Assigned task: Go through the records below and set each one down exactly, leaving out any pictures.
START Source data
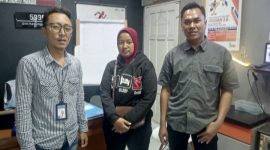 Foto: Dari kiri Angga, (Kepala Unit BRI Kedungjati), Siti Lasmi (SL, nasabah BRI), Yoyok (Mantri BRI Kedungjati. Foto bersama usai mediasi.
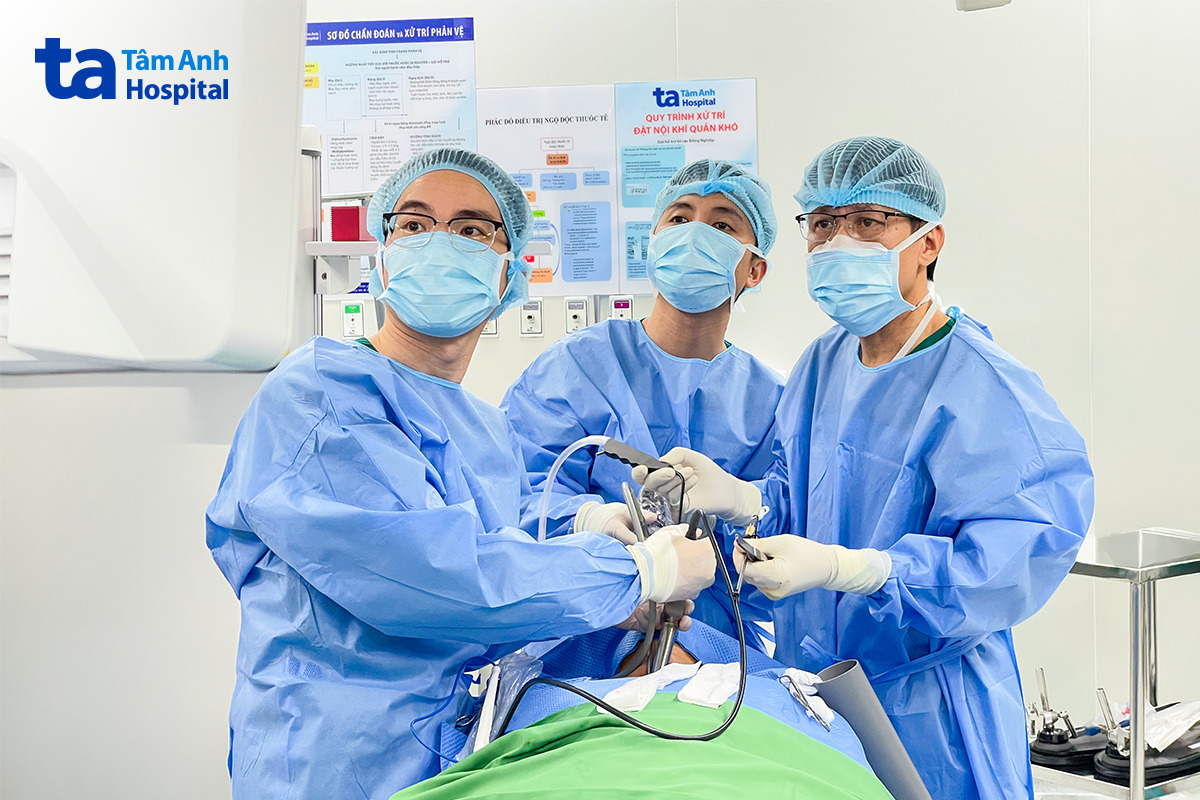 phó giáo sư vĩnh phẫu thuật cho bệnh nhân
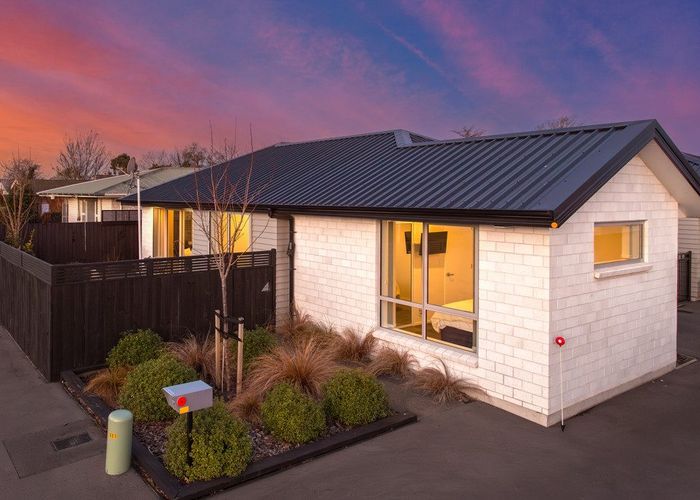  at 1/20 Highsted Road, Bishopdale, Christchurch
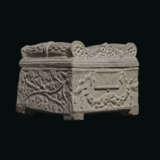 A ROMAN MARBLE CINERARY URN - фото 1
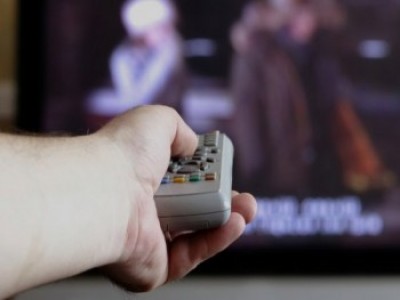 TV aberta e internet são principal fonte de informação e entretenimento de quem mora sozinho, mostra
END Source data
Expected answer:
 Foto: Dari kiri Angga, (Kepala Unit BRI Kedungjati), Siti Lasmi (SL, nasabah BRI), Yoyok (Mantri BRI Kedungjati. Foto bersama usai mediasi.
 phó giáo sư vĩnh phẫu thuật cho bệnh nhân
  at 1/20 Highsted Road, Bishopdale, Christchurch
 A ROMAN MARBLE CINERARY URN - фото 1
 TV aberta e internet são principal fonte de informação e entretenimento de quem mora sozinho, mostra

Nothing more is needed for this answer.